» Task description:
After locating the line that contains "White Moldavite - Elestial Calcite White", transcribe exactly that line and each one after it until the data ends, skipping pictures.

» Recorded information:

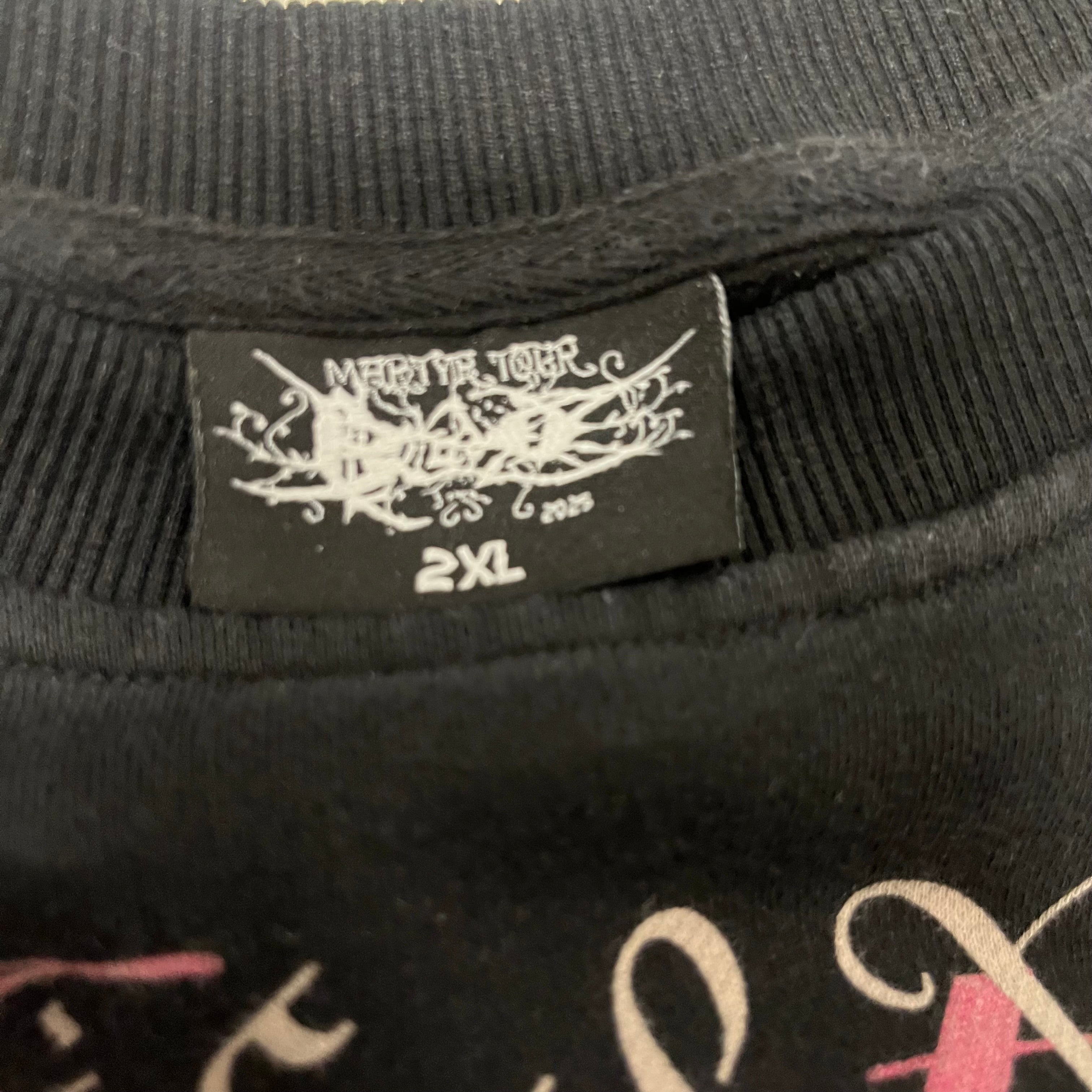 Bladee/Sweatshirt/XXL/Cotton/BLK/beautiful martyr view 3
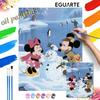 Winter Snowman Digital Oil Painting Art Painting Handmade Diy Home Decorations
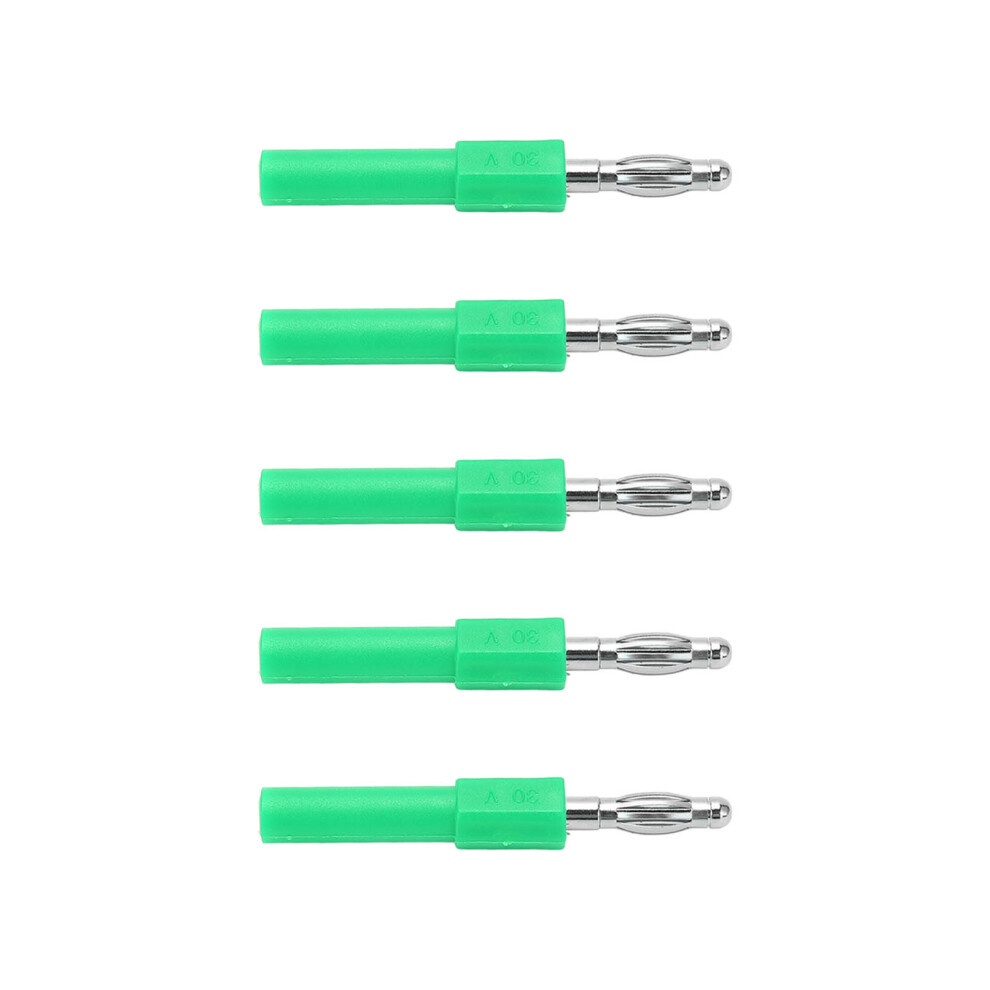 5Pcs 4Mm To 2Mm Banana Plug Adapter For Multimeters, 36A Green 4041333000332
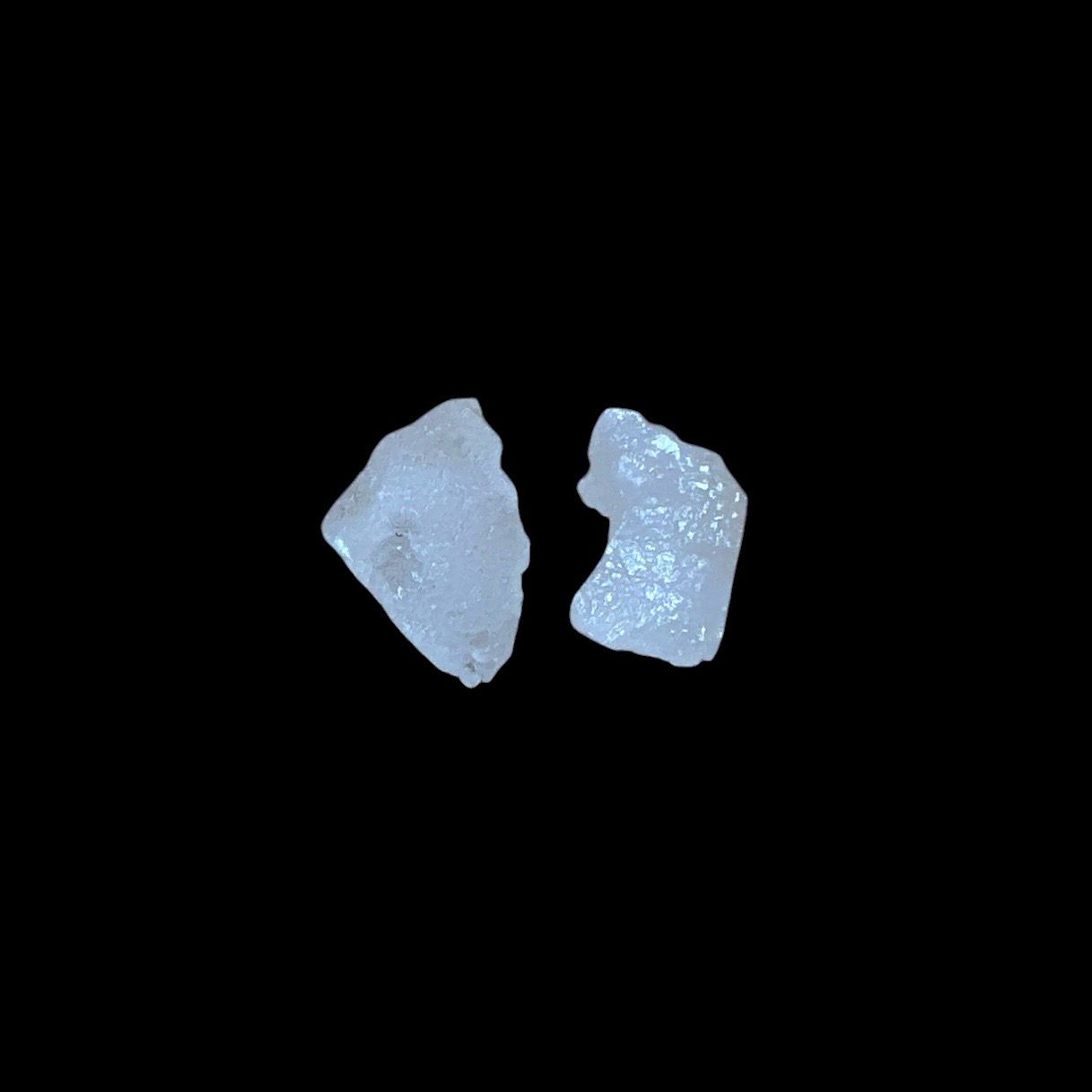 White Moldavite - Elestial Calcite White Moldavite - Elestial Calcite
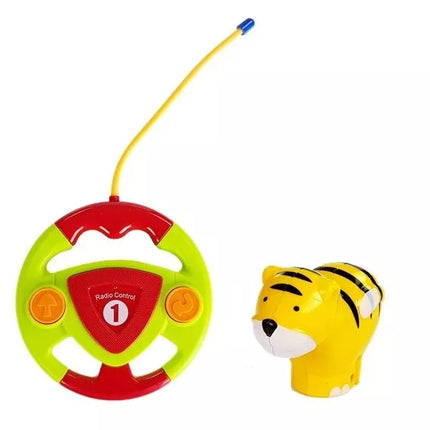 Kūdikių R/C lėktuvas su nuotolinio valdymo vairu, raudonas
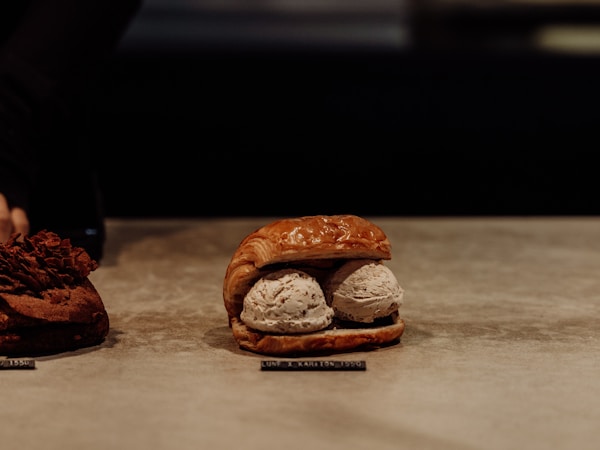 Medialuna Ice Cream Sandwich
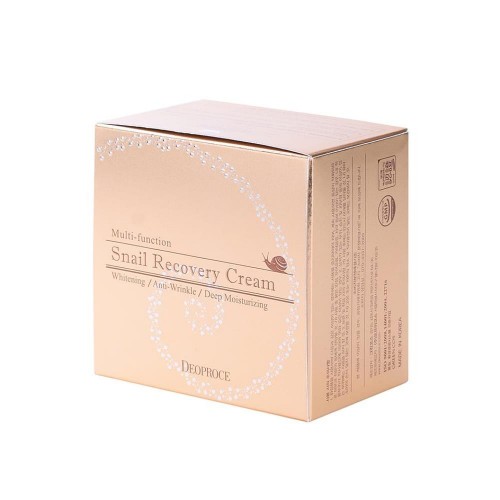 ДП Snail Крем для лица восстанавливающий с муцином улитки DEOPROCE SNAIL RECOVERY CREAM ДП Snail Крем для лица восстанавливающий с муцином улитки DEOPROCE SNAIL RECOVERY CREAM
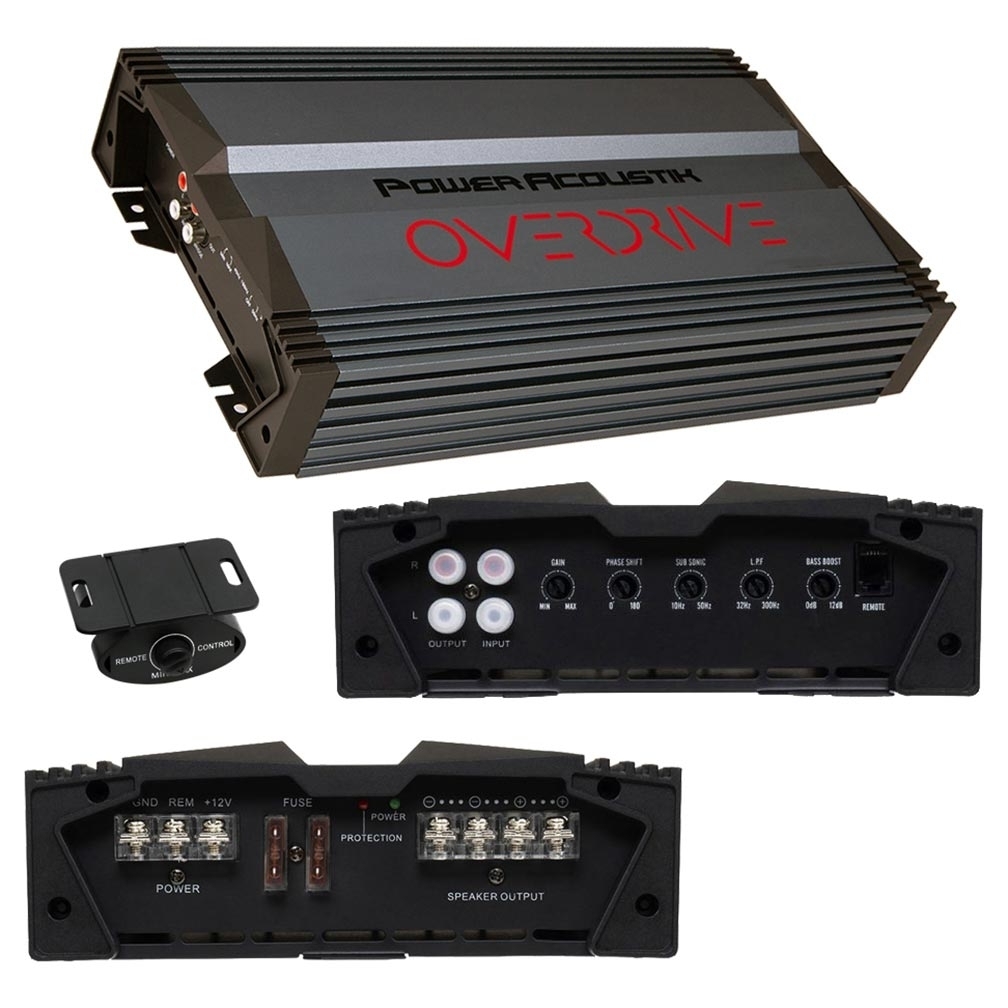 Power Acoustik OD13000 3000 Watt Max Mono A/B Amplifier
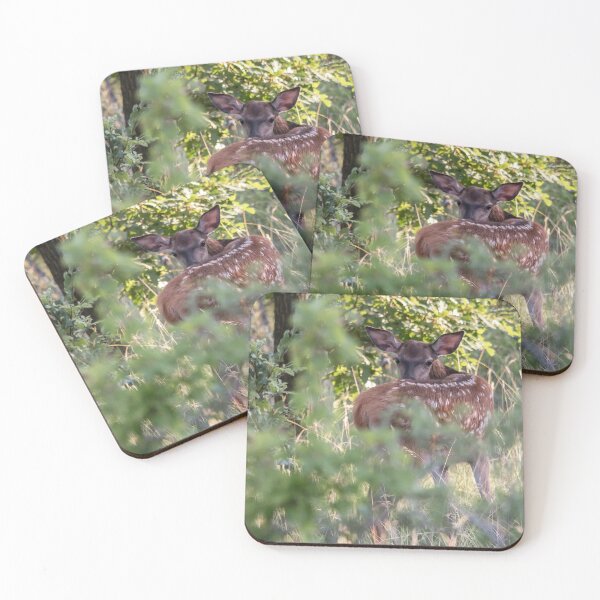 Item preview, Young Red Deer Looking Back designed and sold by gabormedve.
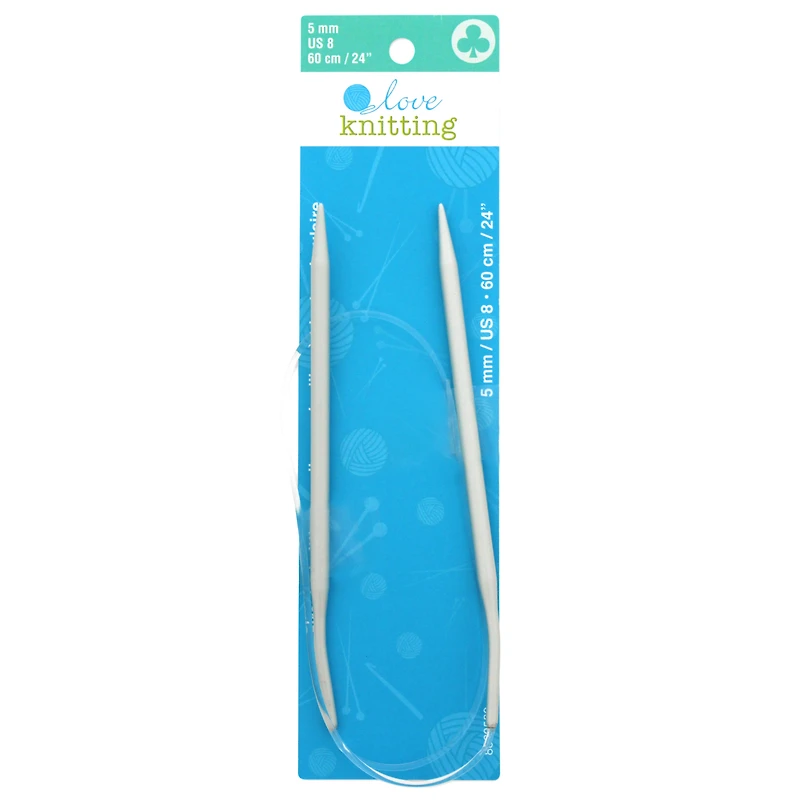 LOVE KNITTING Circular Knitting Needle 61 cm (24 in), 60 cm (23.6 in), 5 mm (0.2 in)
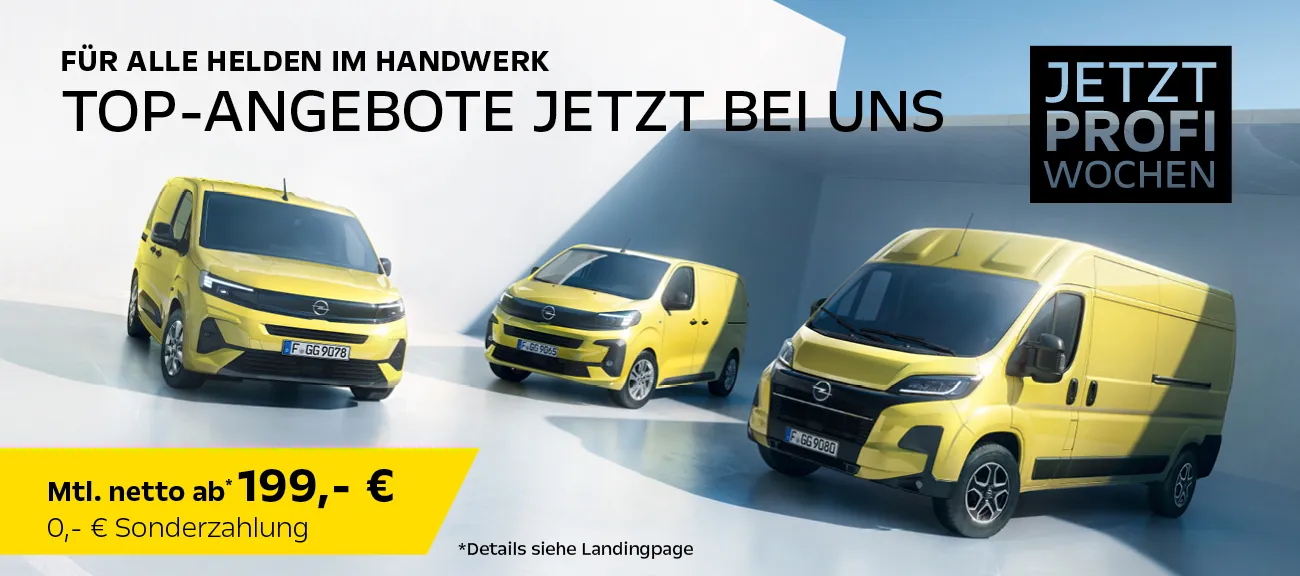Opel Jetzt Profi Wochen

» Result:
 White Moldavite - Elestial Calcite White Moldavite - Elestial Calcite
 Kūdikių R/C lėktuvas su nuotolinio valdymo vairu, raudonas
 Medialuna Ice Cream Sandwich
 ДП Snail Крем для лица восстанавливающий с муцином улитки DEOPROCE SNAIL RECOVERY CREAM ДП Snail Крем для лица восстанавливающий с муцином улитки DEOPROCE SNAIL RECOVERY CREAM
 Power Acoustik OD13000 3000 Watt Max Mono A/B Amplifier
 Item preview, Young Red Deer Looking Back designed and sold by gabormedve.
 LOVE KNITTING Circular Knitting Needle 61 cm (24 in), 60 cm (23.6 in), 5 mm (0.2 in)
Opel Jetzt Profi Wochen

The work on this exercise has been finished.